Niektórzy antropolodzy kulturowi są skłonni twierdzić, że nasza pogoń za sukcesem, realizowana w znacznej części poprzez naśladowanie osób, które postrzegane są jako te, które ów sukces odniosły, ma podobny charakter, choć działa nieco inaczej. Przede wszystkim adaptacyjna jest sama kultura. Jej elementem są m.in narzędzia umożliwiające nam przetrwanie w najbardziej niesprzyjających warunkach. Do powstania kultury niezbędny jest pewien poziom innowacji (mutacji kulturowych), ale przede wszystkim imitacji, która służy międzypokoleniowemu przenoszeniu wzorców. Wysoki status społeczny jest zaś (przede wszystkim u mężczyzn, ale ostatnimi czasy coraz częściej także i u kobiet) silny afrodyzjakiem. Takie osoby postrzegane są jako atrakcyjne i tym samym ich szanse na liczne kontakty seksualne z atrakcyjnymi partnerami / partnerkami oceniane są jako większe, co powinno przekładać się na reprodukcyjny sukces. Tyle że się nie przekłada.

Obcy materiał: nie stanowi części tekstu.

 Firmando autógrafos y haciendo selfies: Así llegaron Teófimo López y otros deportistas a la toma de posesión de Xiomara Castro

Zjawisko spadku liczby potomstwa, które sprawiło, że katastroficzne przepowiednie demograficzne, obecne jeszcze w latach 70-tych jak na razie są dalekie od ziszczenia się, zaczęło się wraz z rewolucją przemysłową. Jego powody nie są do końca jasne i jest na ten temat wiele hipotez. Jedna z nich wiąże je jednak właśnie z ewolucją kulturową, zwracając uwagę na charakterystyczne korelaty spadku dzietności, a to:
  • Zmiana wzorca wysokiego statusu społecznego (dziedziczna władza i majątek ustępują miejsca merytokracji - statusowi zbudowanemu na indywidualnych osiągnięciach, opartych na talencie i edukacji)
  • Upowszechnienie edukacji (zwłaszcza wśród kobiet)

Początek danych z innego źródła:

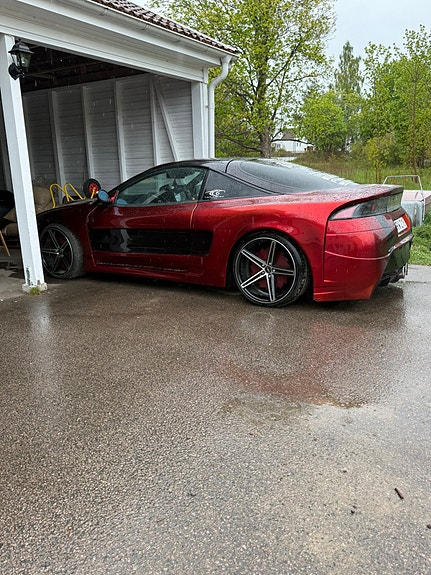 Mitsubishi Eclipse 3 of 5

  • Rozwój środków masowego przekazu - gazet, czasopism, radia, telewizji, a współcześnie także mediów elektronicznych
Te dwa ostatnie elementy związane są z tzw. selektywną transmisją wzorców kulturowych, która dokonuje się poza środowiskiem rodzinnym. Edukacja oraz mass-media zwiększyły zasięg i siłę oddziaływania tej transmisji, osłabiając tym samym transmisje nieselektywną (czyli wzorce kulturowe nabywane od rodziców, które przyjmujemy "jak leci"). Ten pierwszy element związany jest zapewne z rozprzestrzenieniem się kultury burżuazyjnej, kładącej nacisk na indywidualną wolność, równość, godność ale także talent, pracę i edukację. Kultura ta pojawiła się wpierw w XVII w Holandii, a nieco później w Anglii. Jej przedstawiciele mieli ważną cechę - szybko się bogacili, uzyskując w ten sposób wysoki status społeczny. Przyjęcie tychże wzorców i ich imitacja dawały szansę na powtórzenie tego sukcesu, stąd ich szybkie rozprzestrzenianie się. Tyle, że o ile wysoki status społeczny oraz imitacja osób o tym statusie, są co do zasady adaptacyjne, to ten konkretny wzorzec wiązał się integralnie z inwestycją w większości nakierowaną na budowę tegoż statusu, niż na posiadanie i wychowanie potomstwa. Proces ten przyspieszył drastycznie wraz z upowszechnieniem edukacji kobiet, które w tym systemie wartości (rozprzestrzenianym zresztą przez publiczne szkolnictwo) również upatrywały szansę na zbudowanie własnego statusu społecznego. W tym przypadku odejście od inwestycji w potomstwo było jeszcze bardziej radykalne. Na końcu tego procesu znajdujemy się my, przeciętni, głodni sukcesu użytkownicy LinkedIn, często samotni lub w związkach partnerskich, bez potomstwa lub z potomstwem w liczbie dalekiej od naturalnej zastępowalności, które to potomstwo napotka na swojej drodze z grubsza te same wzorce. Pogoń za indywidualnym sukcesem stała się ewolucyjną pomyłką, która służyć miała zwiększonej reprodukcji, a nie służy niczemu.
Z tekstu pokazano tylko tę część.